Segment Start: SUPPLIED MATERIAL

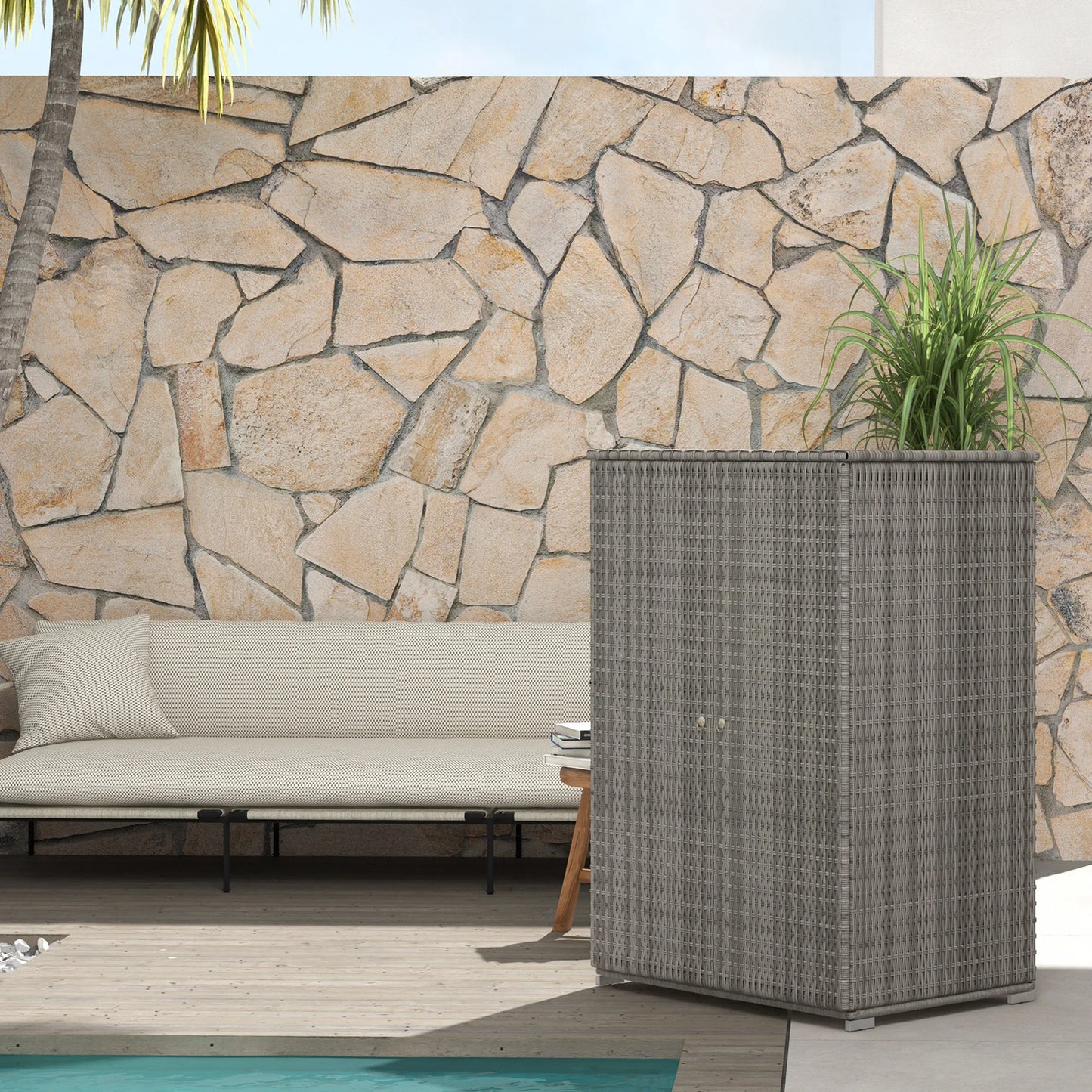 Outsunny Outdoor Wicker Towel Rack for Pool W/ Drawer & Cabinet, Dark Gray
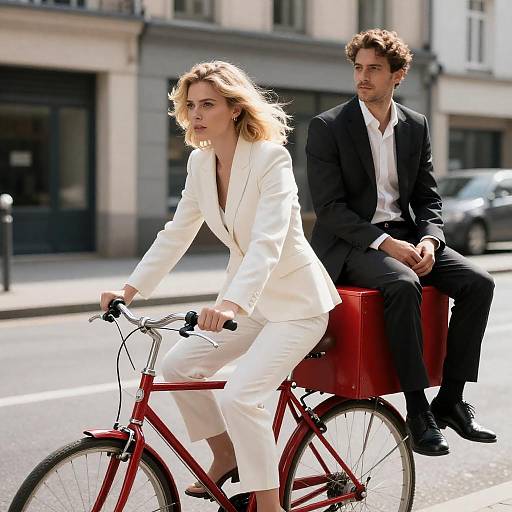 Urban Duo on a Red Bicycle Adventure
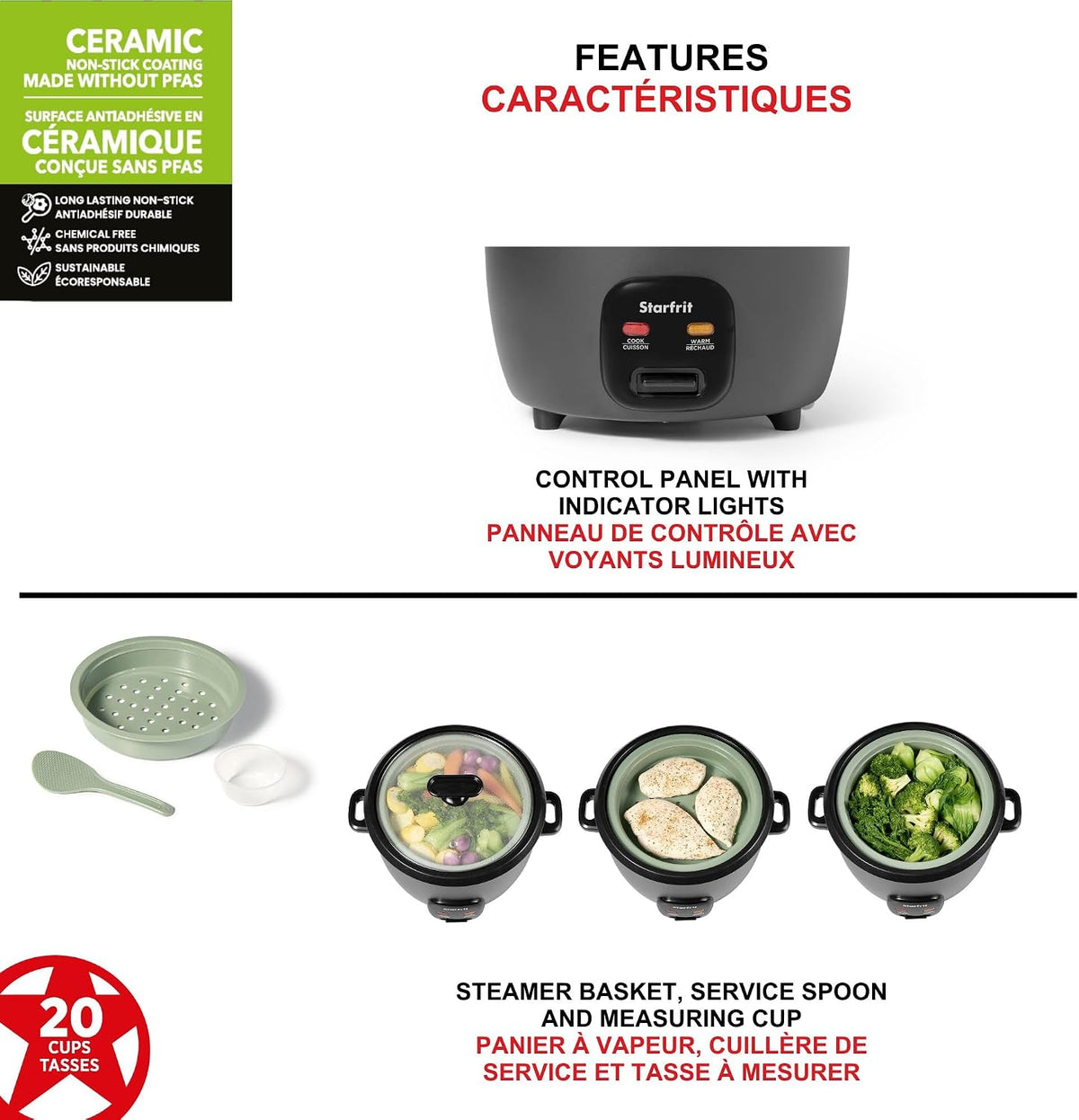Starfrit Electric Rice Cooker, 20 Cups, PFAS-Free Ceramic, 700W, Grey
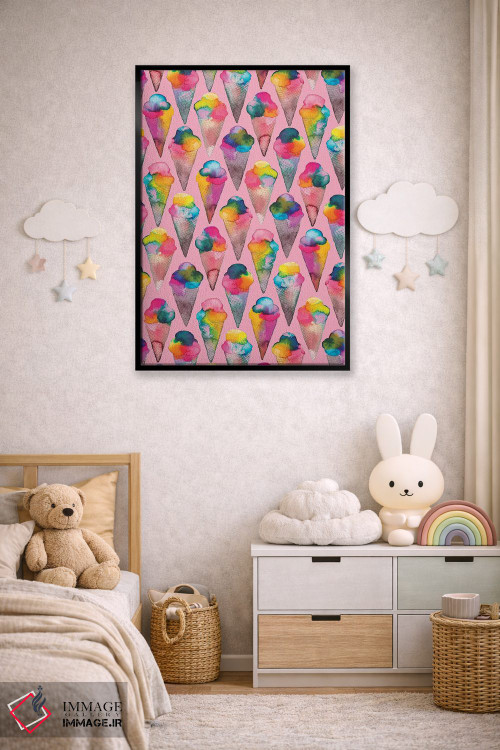 تابلو دکوراتیو بستنی قیفی صورتی اثر نینولا دیزاین - D6B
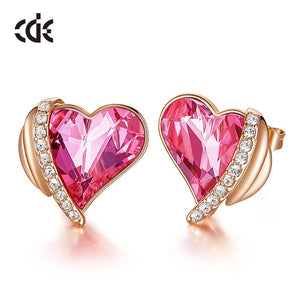 Women Gold Earrings Embellished with Crystals - 200000171 Pink Gold / United States Find Epic Store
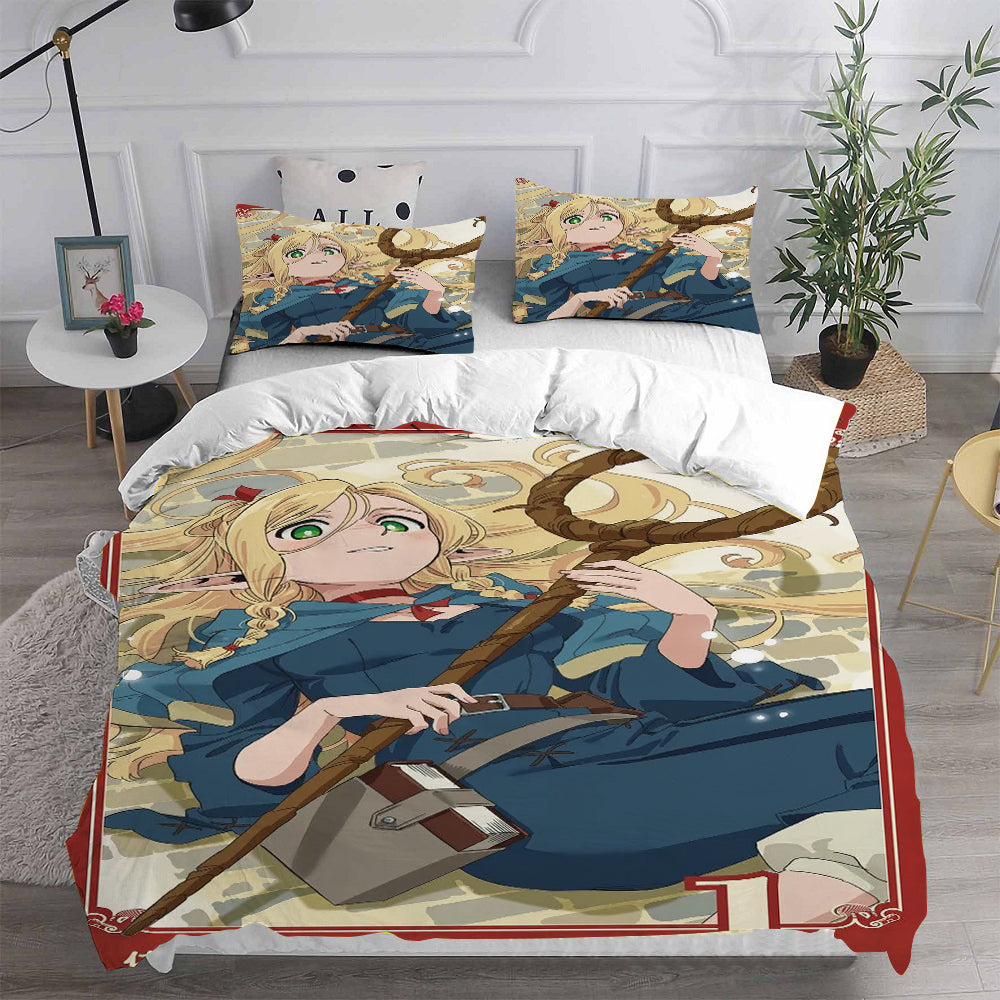 Delicious in Dungeon Cosplay Bedding Set Duvet Cover Pillowcases Halloween Home Decor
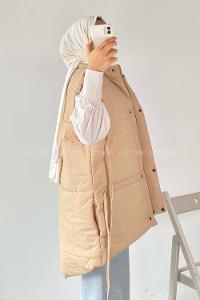 Modalamelif Gizli Fermuarlı Çift Cepli Yelek Sütlükahve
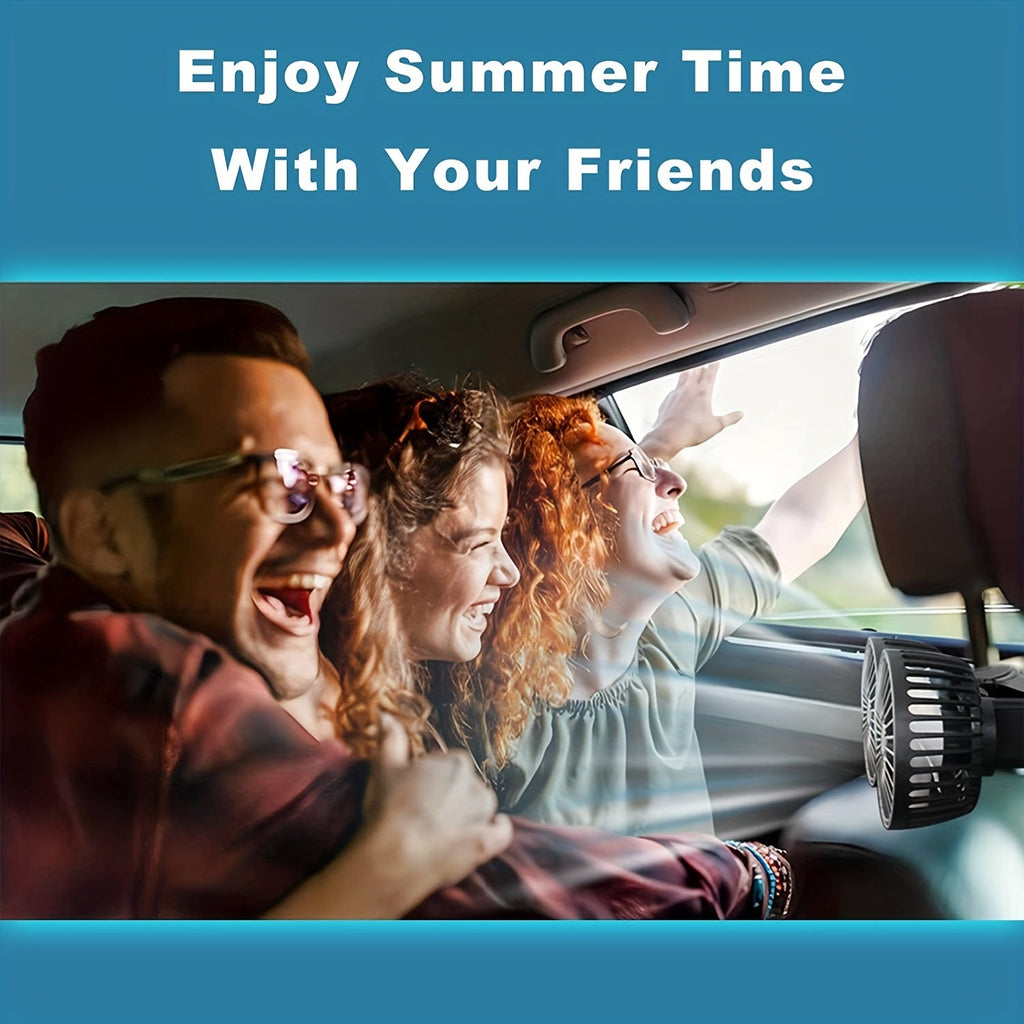 12V Dual-Head Car Cooling Fan with 360-Degree Rotation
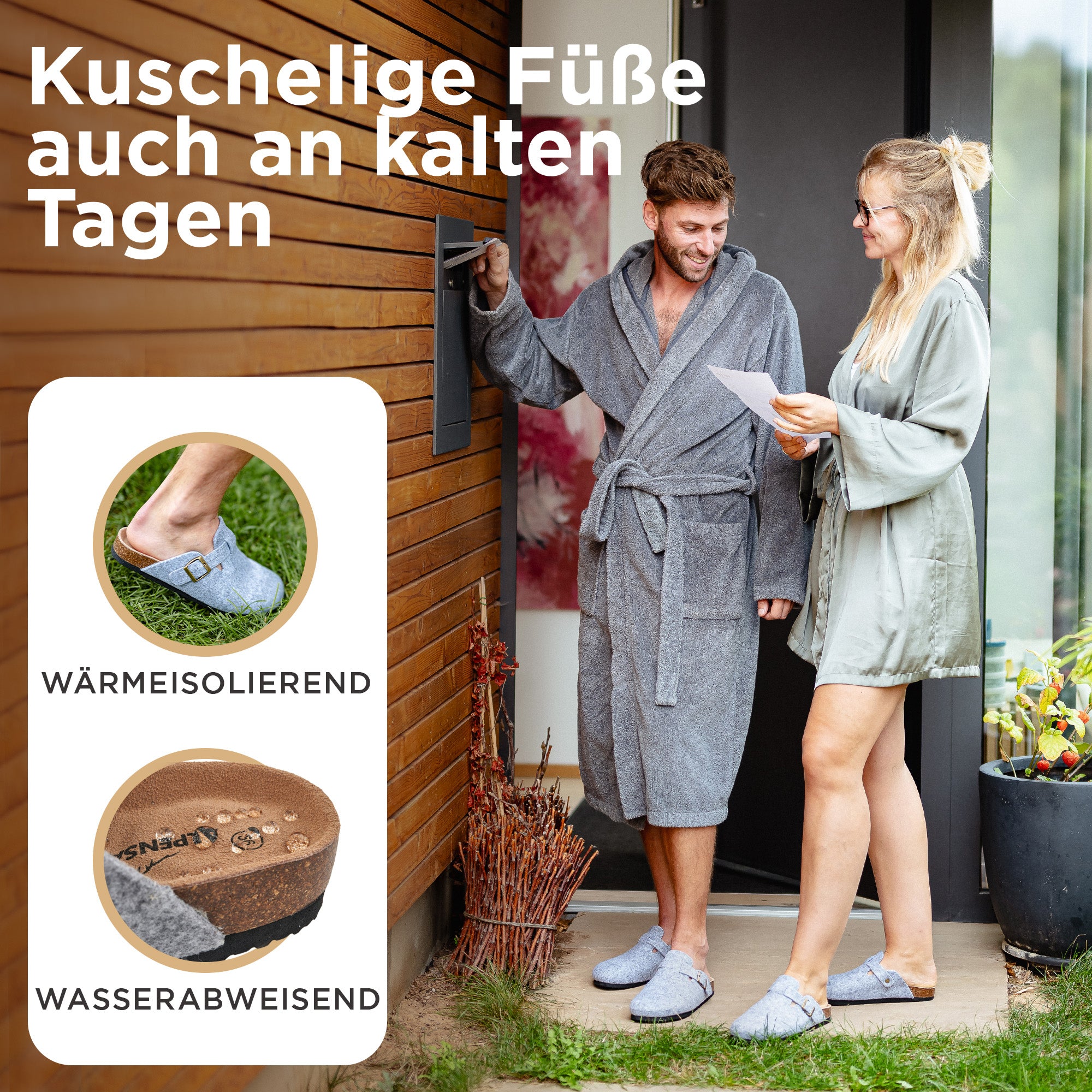 Alpensanft Graues Filz mit verstellbarem Riemen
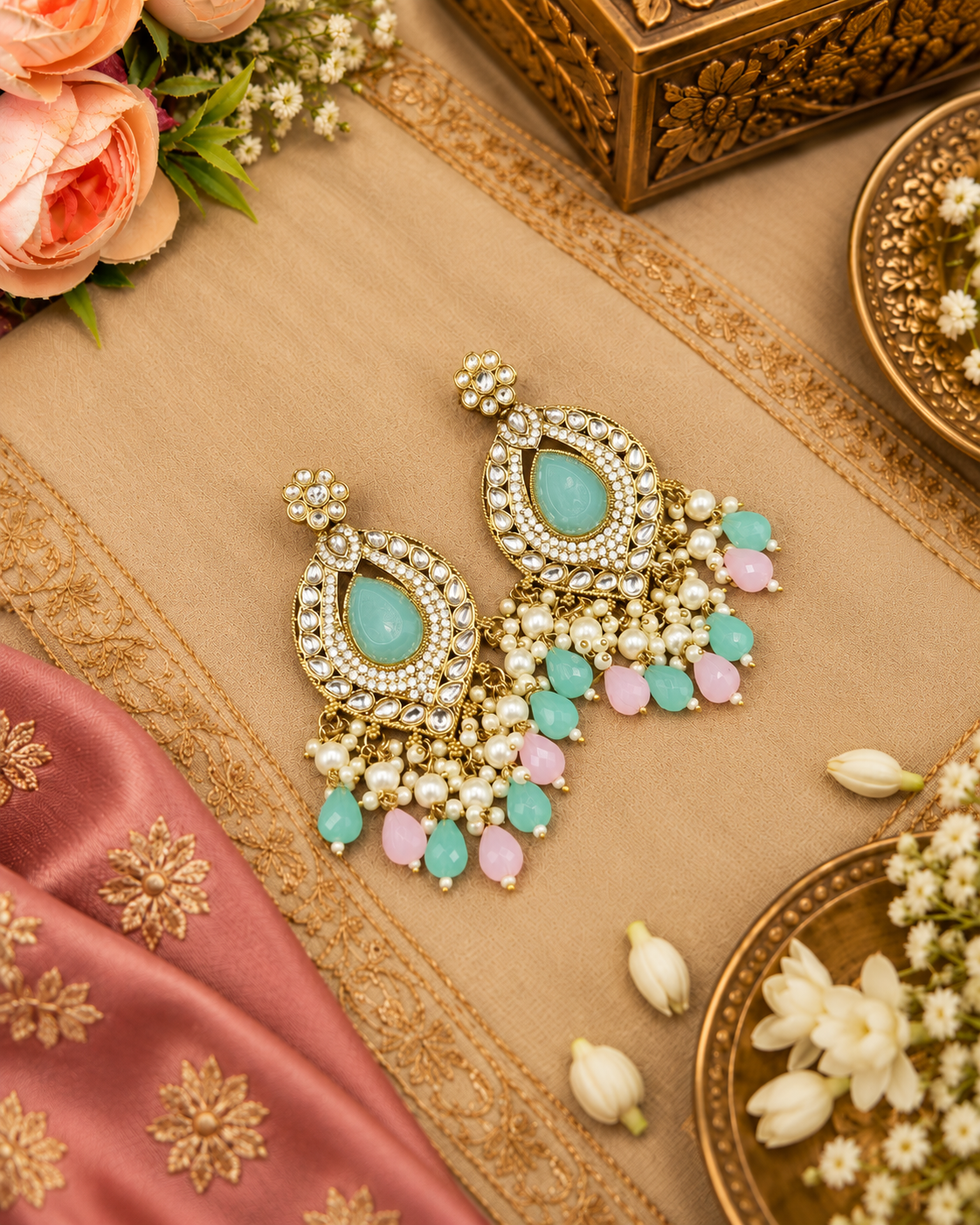 INTRICATE OVAL FRAME DROP EARRINGS WITH PEARL & BEAD CLUSTER
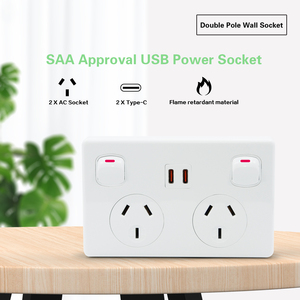 SAA承認10AホームGPO住宅用電気壁ソケット3.6Aデュアルタイプ-C 2ギャングオーストラリアパワーポイントスイッチソケット - Product Image 5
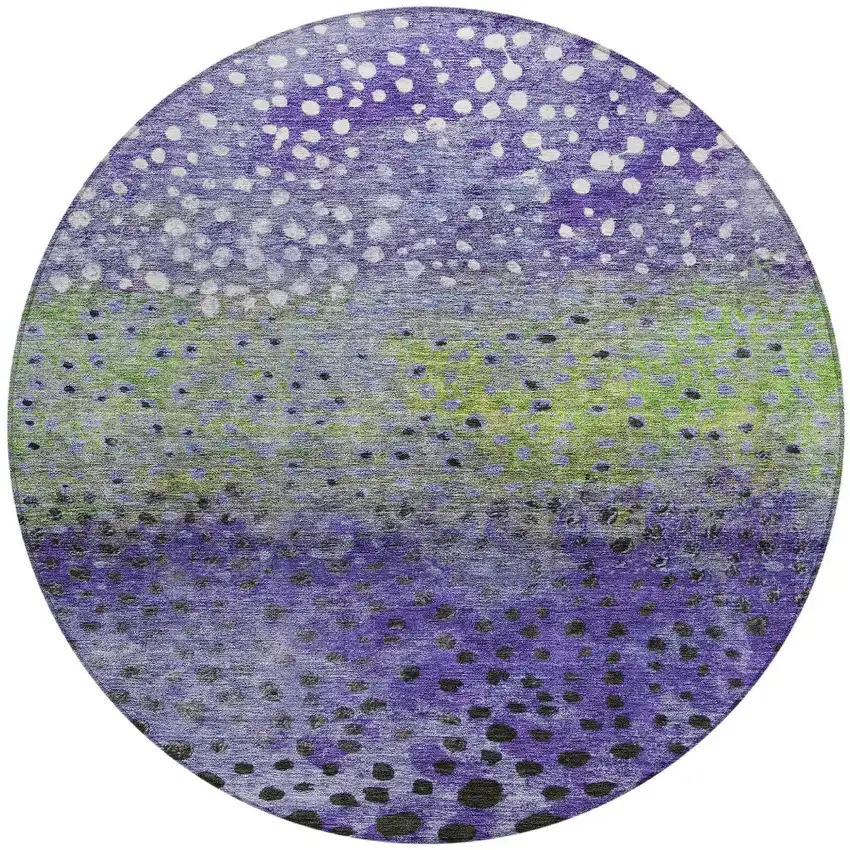 8' Purple Green And Black Round Abstract Washable Indoor Outdoor Area Rug Photo 6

Segment End: SUPPLIED MATERIAL

#### WORK ITEM:
Your answer should be an exact copy of the entries above, with no images included.

#### RESPONSE TO THIS EXERCISE:
 Outsunny Outdoor Wicker Towel Rack for Pool W/ Drawer & Cabinet, Dark Gray
 Urban Duo on a Red Bicycle Adventure
Starfrit Electric Rice Cooker, 20 Cups, PFAS-Free Ceramic, 700W, Grey
 تابلو دکوراتیو بستنی قیفی صورتی اثر نینولا دیزاین - D6B
 Women Gold Earrings Embellished with Crystals - 200000171 Pink Gold / United States Find Epic Store
 Delicious in Dungeon Cosplay Bedding Set Duvet Cover Pillowcases Halloween Home Decor
 Modalamelif Gizli Fermuarlı Çift Cepli Yelek Sütlükahve
 12V Dual-Head Car Cooling Fan with 360-Degree Rotation
 Alpensanft Graues Filz mit verstellbarem Riemen
 INTRICATE OVAL FRAME DROP EARRINGS WITH PEARL & BEAD CLUSTER
 SAA承認10AホームGPO住宅用電気壁ソケット3.6Aデュアルタイプ-C 2ギャングオーストラリアパワーポイントスイッチソケット - Product Image 5
 8' Purple Green And Black Round Abstract Washable Indoor Outdoor Area Rug Photo 6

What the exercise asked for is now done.